JPKP menilai kasus ini menjadi alarm keras bagi sistem pengadaan barang publik, terutama di sektor kesehatan di tengah krisis kepercayaan dan keterbatasan akses layanan.

“Ditambah lagi kelalaian atau penyimpangan anggaran bisa saja berujung petaka. Kesehatan bukan ruang abu-abu. Ini soal nyawa manusia,” tegas Adiya mengakhiri yang juga Pegiat Antikorupsi.

Sementara itu, Wakil Direktur Penunjang RSUD RAT, Atika, mengaku belum dapat memberikan penjelasan rinci. Ia menyebut baru tiga minggu menjabat, menggantikan pejabat sebelumnya.

“Saya harus kroscek dulu, ini masa pejabat lama, Bu Dian. Kami juga sudah minta pendampingan Kejaksaan dan Inspektorat. Mohon beri saya waktu, saya juga sedang rapat dengan Pak Gubernur,” ujar Atika kepada redaksi Ulasfakta, Kamis.

Atika juga menambahkan bahwa pihaknya telah menyampaikan tanggapan kepada BPK, dengan menyebut faktor geografis kepulauan menjadi kendala distribusi obat-obatan yang cepat kedaluwarsa.

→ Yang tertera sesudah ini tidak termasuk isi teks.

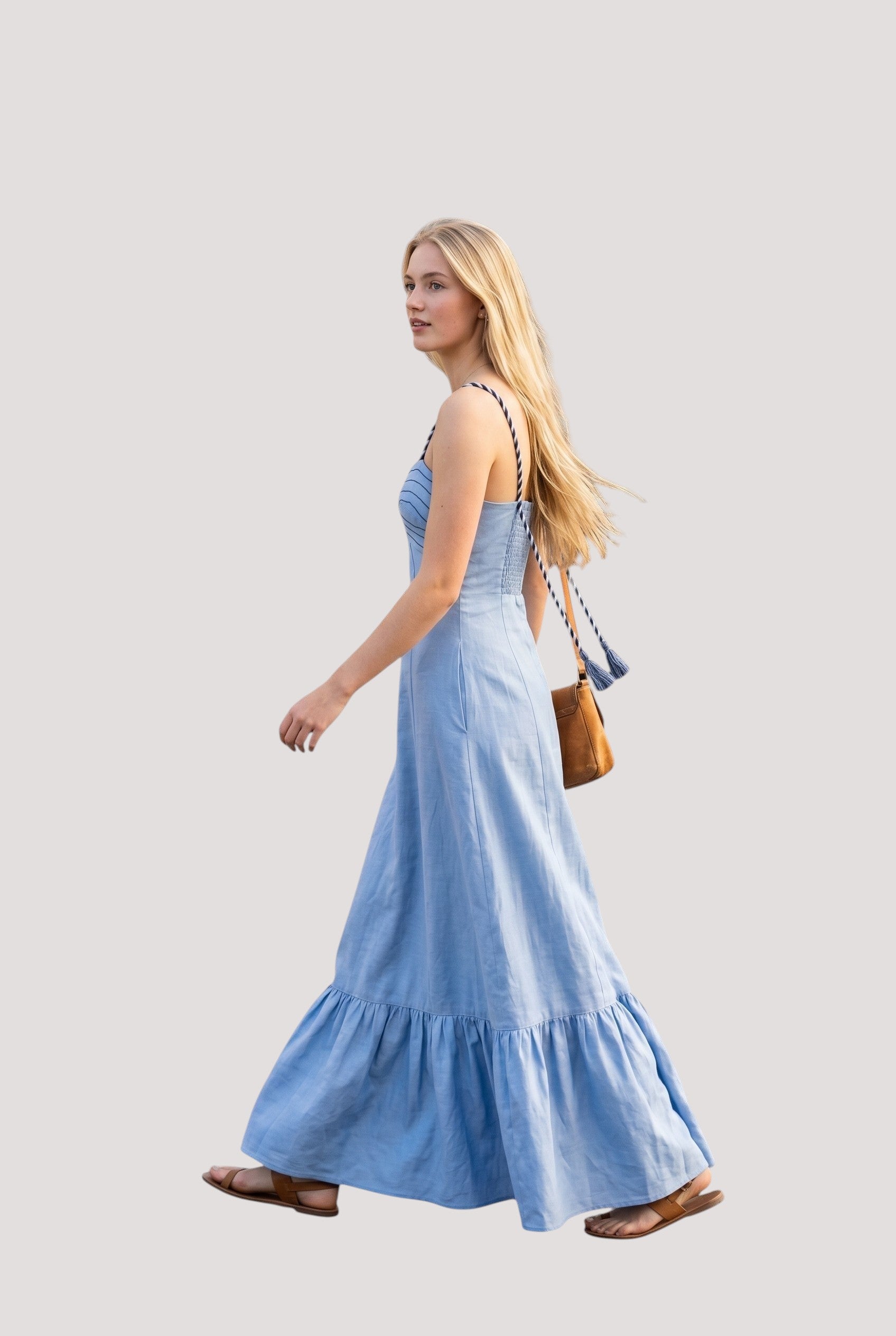 Minimistcloset sky blue linen-blend maxi dress with corset bodice, braided straps, and tiered hem on a walking model.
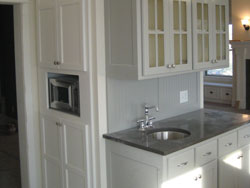 A custom sink in a gray granite counter top with white cabinetry
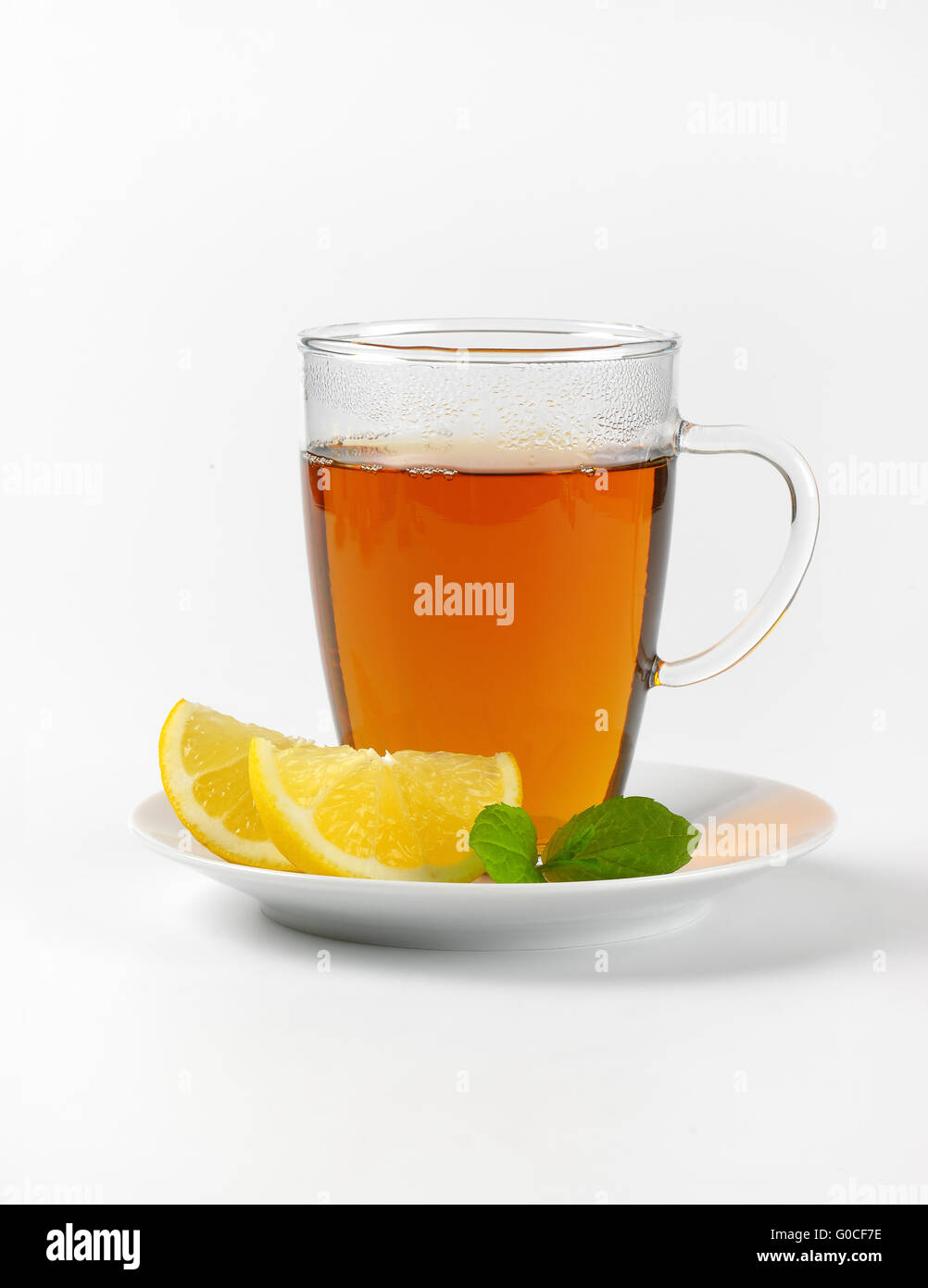 Tazza di tè nero con il limone su sfondo bianco Foto Stock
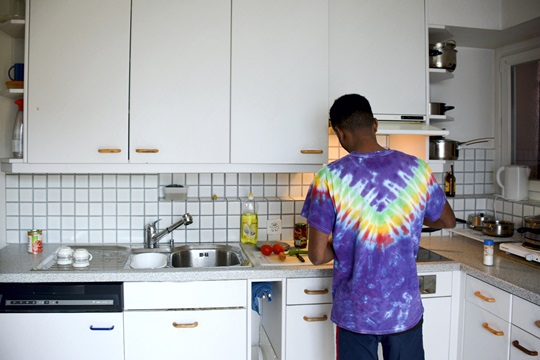 Mann steht in der Küche und bereitet sich eine Mahlzeit zu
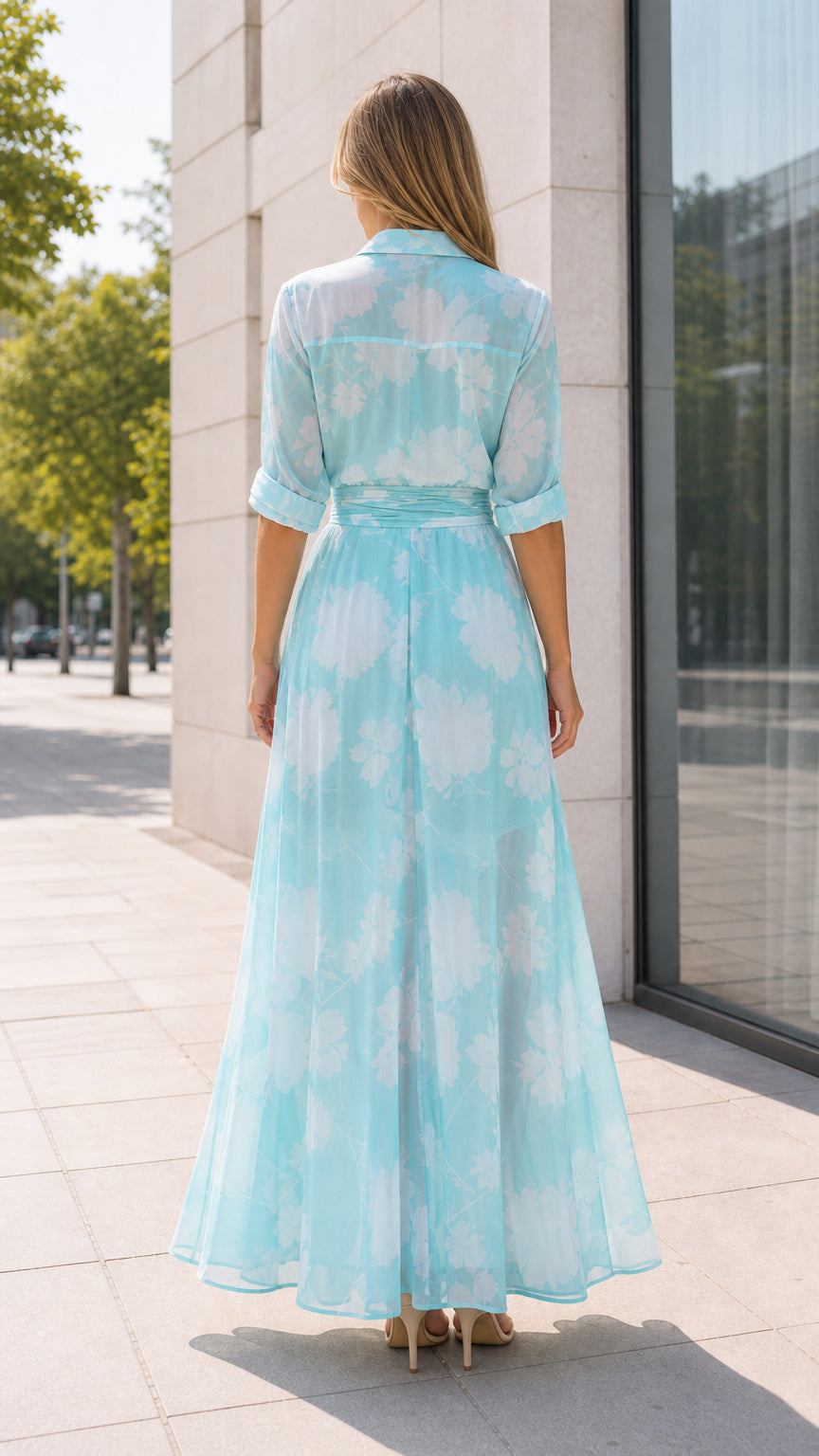 Aqua floral maxi shirt dress shown from the back with tied waist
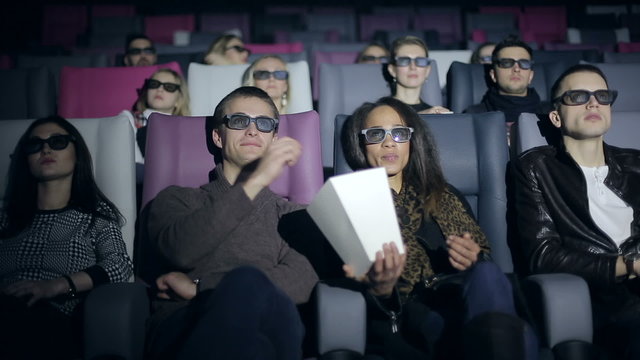 Group of people in 3D glasses watching a movie at cinema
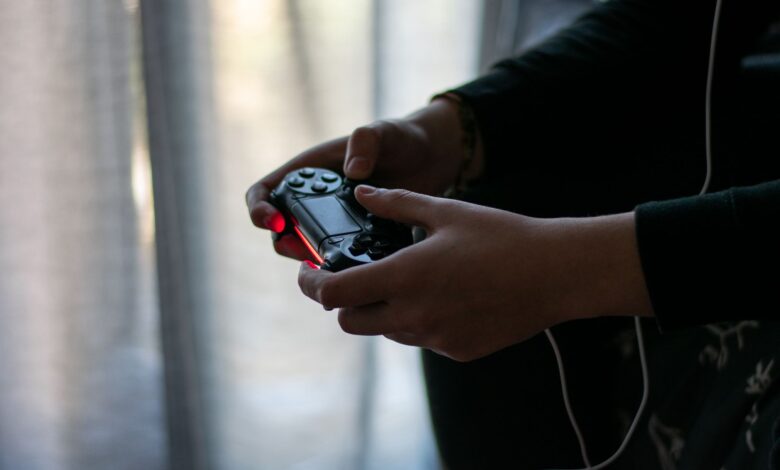 Close-up of hands holding a video game controller in a dimly lit room.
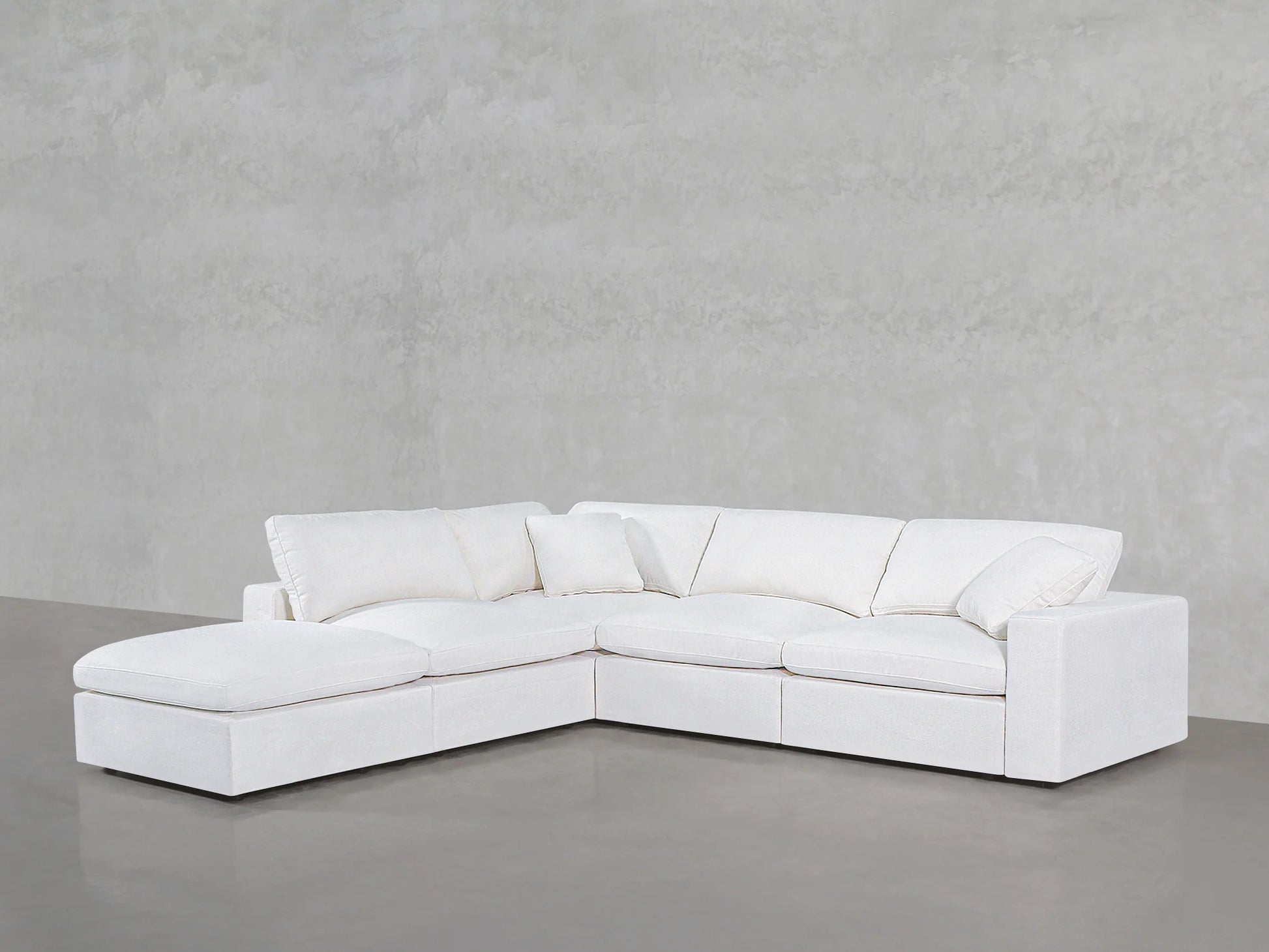 A contemporary white 5-Seat Modular Corner Lounger Sectional with plush cushions is set against a light grey concrete wall on a polished grey floor. The sectional includes a chaise on the left side, providing a spacious and comfortable seating area.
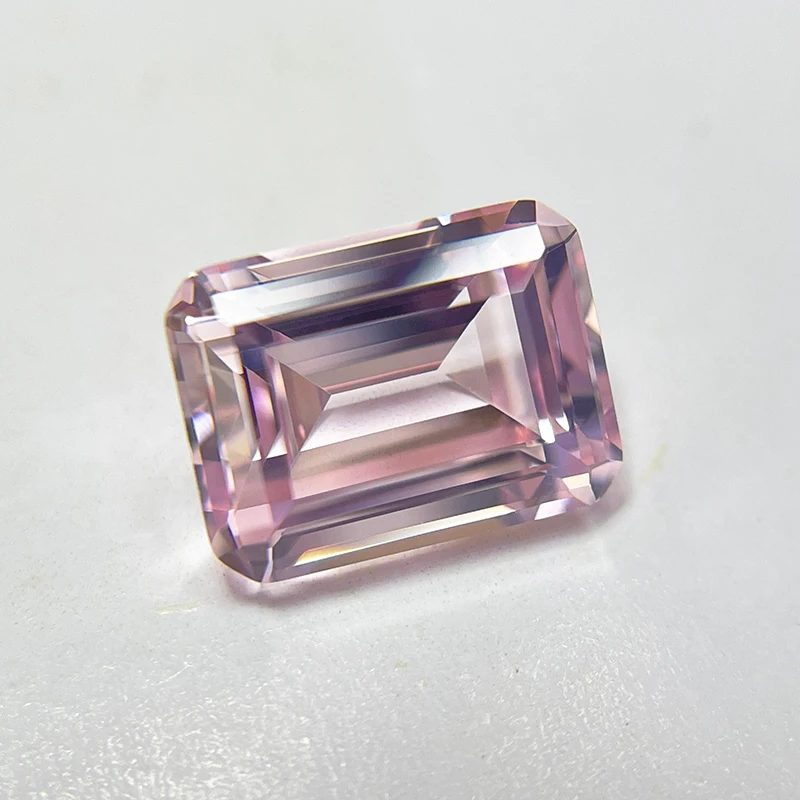 Выращен в лаборатории сапфир изумрудной огранки восход солнца розовый цвет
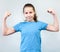Teenage girl shows strength tensing muscles on a grey background. Caucasian child in blue t-shirt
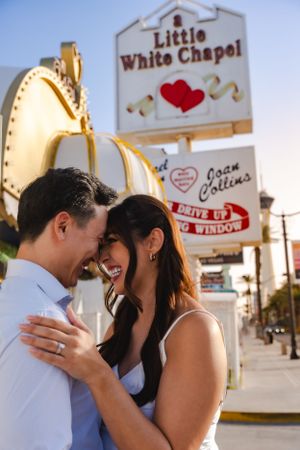 A romantic moment captured outside the Little White Chapel in Las Vegas with its iconic wedding drive-up window sign.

Namun jawaban itu belum menjelaskan mengapa rumah sakit tetap menerima dan menyimpan obat-obatan yang sudah melewati batas edar tanpa dilakukan pengembalian atau tindakan pencegahan.

Sebelumnya, Direktur RSUD RAT, Bambang, sempat merespons singkat.

“Kami sedang rapat dengan Pak Gubernur. Coba hubungi Wadir Penunjang, Bu Atika,” katanya.

Sementara itu, ulasfakta masih terus berupaya mendapatkan tanggapan resmi dari manajemen RSJKO Engku Haji Daud (EHD).